🧾 When the Machines Were Louder Than the Mistakes
Part 1: From Cardboard to Code — Joining the Machine
In the early 1970s, I joined the fledgling Driver and Vehicle Licensing Centre (DVLC) as a fresh-faced 19-year-old with a two A-levels and absolutely no interest in working with computers. I’d tried FORTRAN in school using graphite-sensed punched cards and had a miserable time of it — so when the Civil Service interview panel in London asked if I’d be interested in computing, I said “No.”
A few years later, I found myself standing in the middle of a massive, under construction, data centre in Swansea, surrounded by tape drives, gas turbines, and hammer printers — and helping to build one of the UK’s largest early national IT systems.
The DVLC system was designed around tape-based batch processing. At its heart were magnetic tapes running at 1600 BPI (later 6250 BPI), each one a file in its own right. The system tracked millions of vehicle and driver records, with 340 tapes for vehicle data and 240 for drivers, processed in overnight cycles. If a single tape broke, the system could skip that segment and continue, avoiding full re-runs.

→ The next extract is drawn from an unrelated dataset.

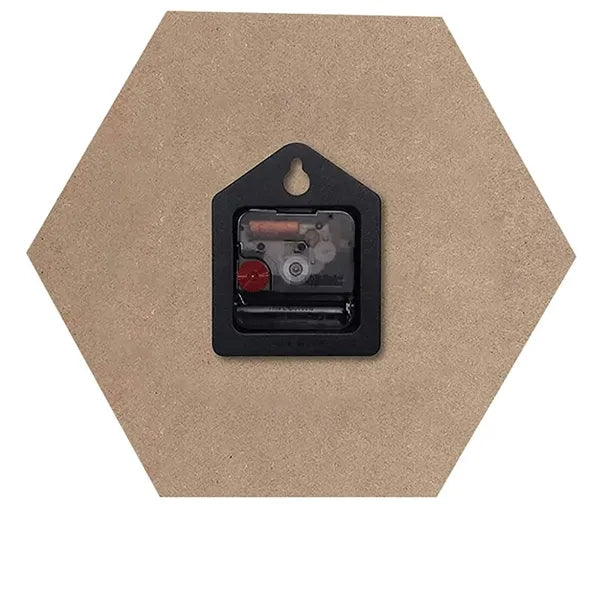 Wooden Hexagonal Wall Clock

Resilience by necessity.
Each update was a delicate orchestration of variable-length, variable-format records, which had to be unpacked into fixed-layout structures for COBOL processing, and then repacked before writing back out. Every byte counted. Adding one byte to the average record length added 11 minutes to processing time, multiplied across hundreds of reels, that was days of extra work.
Part 2: Paper, People, and Punch Cards
The real story wasn’t just in the hardware it was in the people. Data didn’t come from the cloud or online forms. It came from 220 local offices, each with handwritten records and local staff who understood their regions better than any machine ever would. Those clerks were asked to transcribe thousands of records onto new data entry forms, while still keeping the old system running.

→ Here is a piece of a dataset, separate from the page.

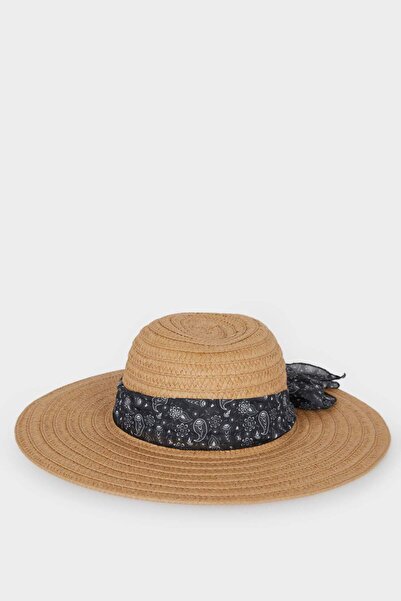 DeFacto Women's Polka Dot Patterned Straw Hat M8840Az22Sm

They did this knowing full well they were working themselves out of a job.
The process wasn’t frictionless. Forms came in with errors, public queries arrived by post, and the clerks handling those enquiries? They had no online access to the masterfiles. Every lookup required a paper form, a tape-based query job, and a printed response returned days later. A time and motion study showed that while a transaction took three weeks to complete, only about 30 seconds of it was actual manual handling. After cutover, the local office records were stored in an aircraft hanger on shelving, a retrieval and filing nightmare.
The system was built for throughput, not responsiveness and that distinction shaped the experience for staff and the public for years.
Part 3: Print Like You Mean It
At the end of every batch cycle came the thunder: sixteen 160-column barrel hammer printers, shaking the floor with mechanical fury as they fired off vehicle tax discs, licence confirmations, and system reports on fanfold paper.
And these weren’t just pieces of paper.
The vehicle tax discs were printed on, photogravure paper, circularly perforated, each one serial-numbered and audited like currency. Changing the layout or security features required coordination between IT, print operations, suppliers, and civil service policy. Some print jobs ran from offline spool tapes, meaning the spooling system was literally a physical spool.
Every misprint had to be accounted for. Every wrecked disc recorded. At that stage, we weren’t just handling data , we were manufacturing trust.
☕ The Epilogue
I often joke that I just made the coffee. But in truth, I had a front-row seat to the birth of modern digital government, in an age where the systems we built had weight, heat, noise and impact.
The Synology NAS sitting on my shelf today, silently syncing terabytes of data across two sites, is exponentially more powerful than the entire DVLC setup we built with tapes and turbines.
But it owes everything to what we learned back then: how to build systems that don’t just process data — they handle people, policy, and pressure.